• _SUPPLIED INFORMATION_:

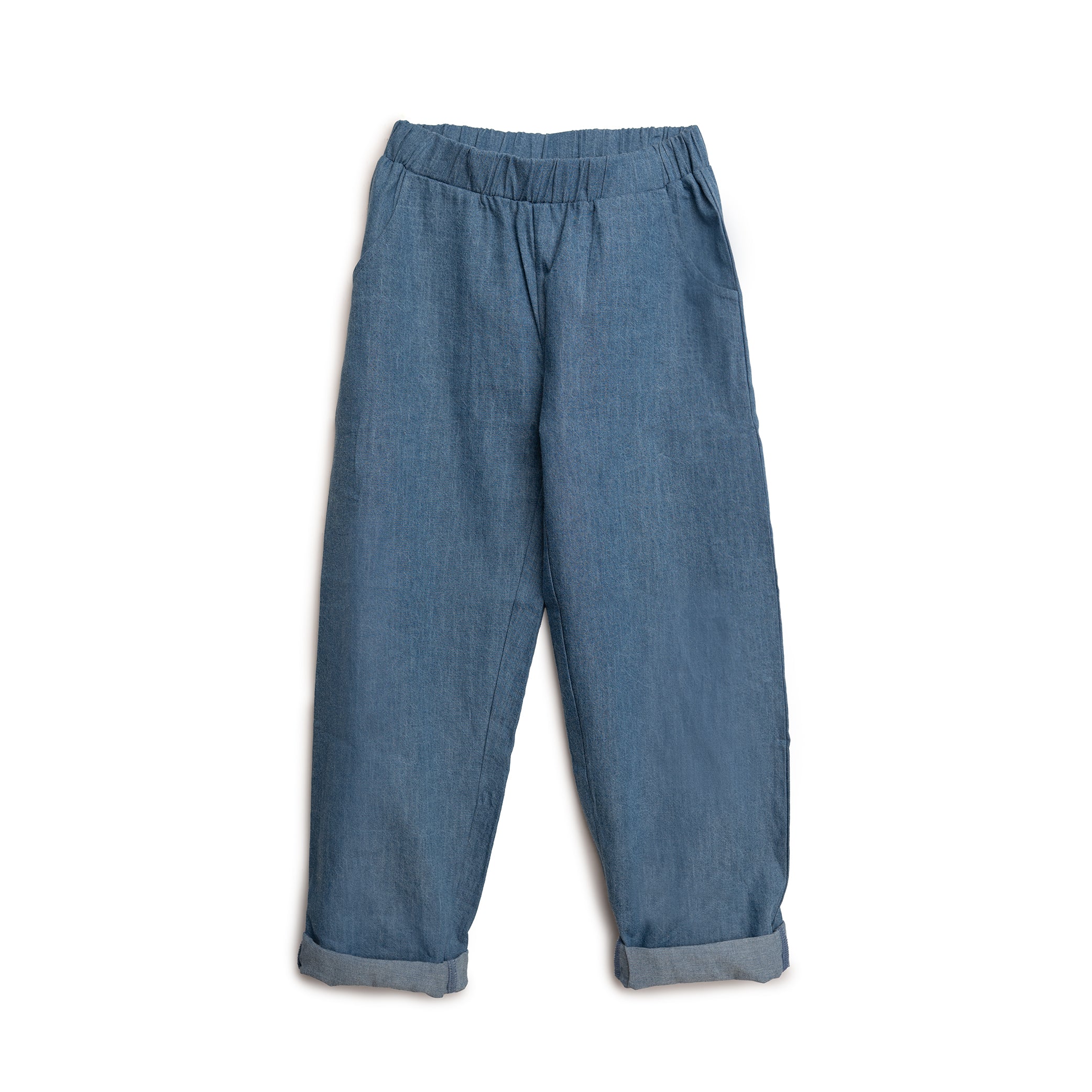 Denim_bukser_-_dreng_pige-Pants-HV1554466-denim Denim bukser - dreng, pige - denim - 86/92 - Hanevild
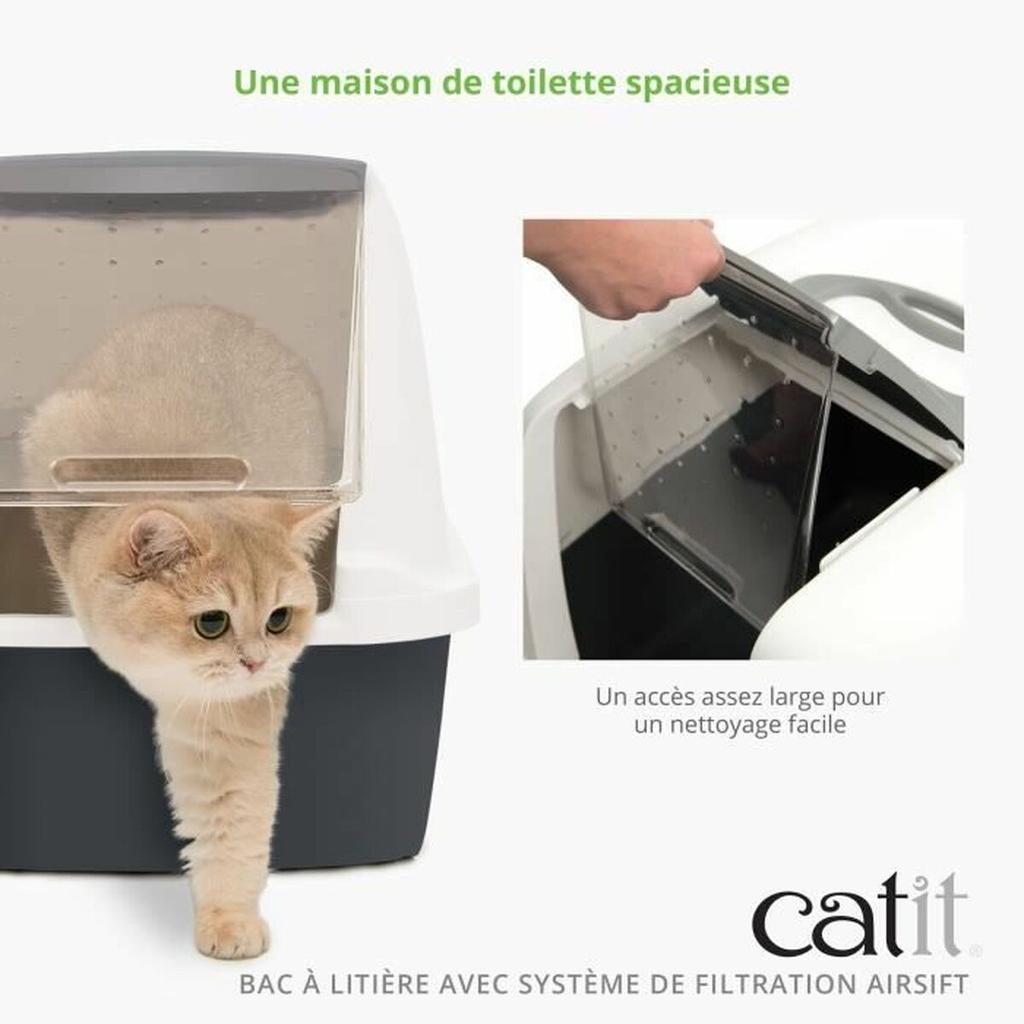 Cat Litter Box Catit Grey Detachable lid
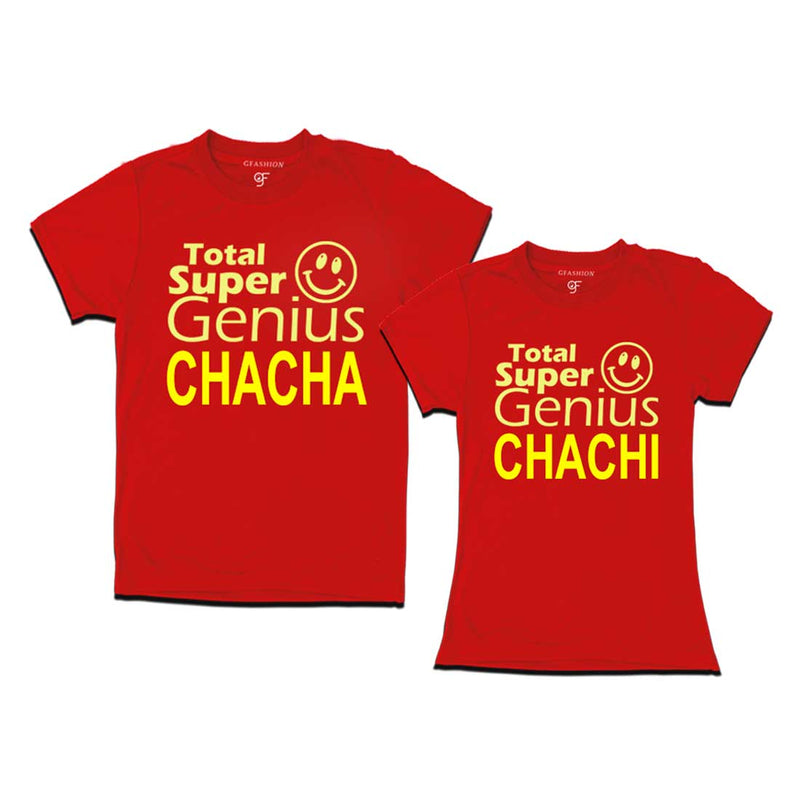 Super Genius Chacha-Chachi T-shirts-Red-gfashion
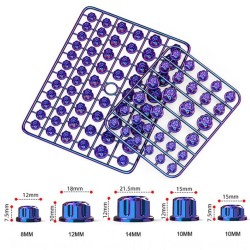 Διακοσμητικές Τάπες Για Βίδες - Σετ 30 Τεμάχια Πορτοκαλί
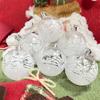 6pcs Transparent Christmas Ball Clear Baubles Xmas Hanging Ornament Hanging Ball  Home Decor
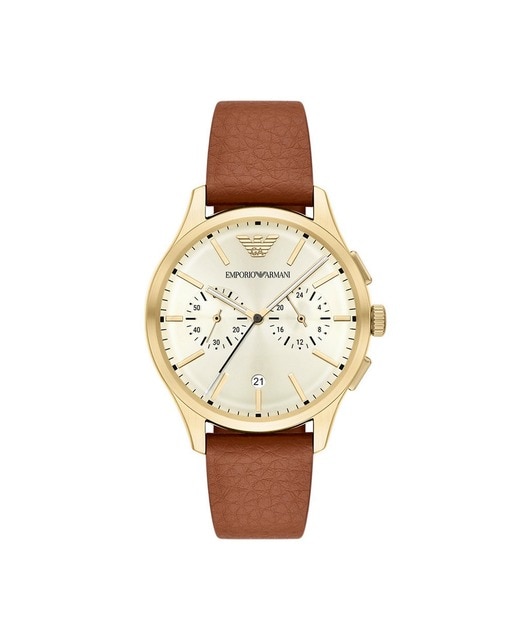 Imagem 0 de Relógio AR11714 em Pele - Creme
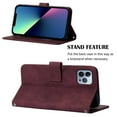 thumbnail image 4 of SaniMore for iPhone 15 Pro Max 6.7" Case Wireless Charging Support, Magnetic Flip Wallet Card Holder PU Leather Cover Built-in Kickstand & Wrist Strap Full Body Protective Shell, Winered, 4 of 7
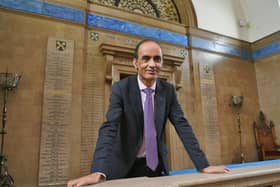 The new leader at Peterborough City Council,   Mohammed Farooq.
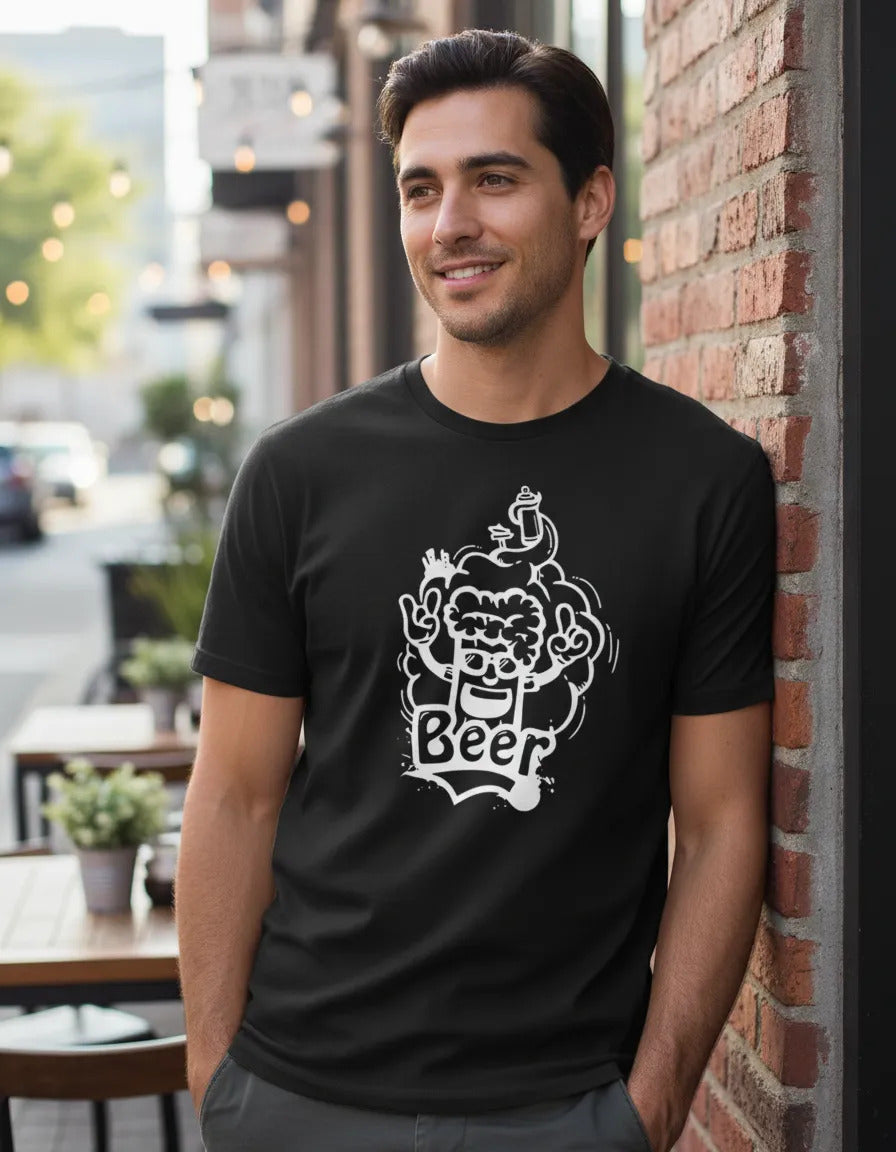 Playera Cerveza Tacos Beer Chela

• _PROBLEM DESCRIPTION_: None of the pictures belong in the copy; repeat all other material exactly.

• _TASK RESPONSE_:
 Denim_bukser_-_dreng_pige-Pants-HV1554466-denim Denim bukser - dreng, pige - denim - 86/92 - Hanevild
 Cat Litter Box Catit Grey Detachable lid
 Super Genius Chacha-Chachi T-shirts-Red-gfashion
 Διακοσμητικές Τάπες Για Βίδες - Σετ 30 Τεμάχια Πορτοκαλί
 6pcs Transparent Christmas Ball Clear Baubles Xmas Hanging Ornament Hanging Ball  Home Decor
 Imagem 0 de Relógio AR11714 em Pele - Creme
 thumbnail image 4 of SaniMore for iPhone 15 Pro Max 6.7" Case Wireless Charging Support, Magnetic Flip Wallet Card Holder PU Leather Cover Built-in Kickstand & Wrist Strap Full Body Protective Shell, Winered, 4 of 7
 The new leader at Peterborough City Council,   Mohammed Farooq.
 Playera Cerveza Tacos Beer Chela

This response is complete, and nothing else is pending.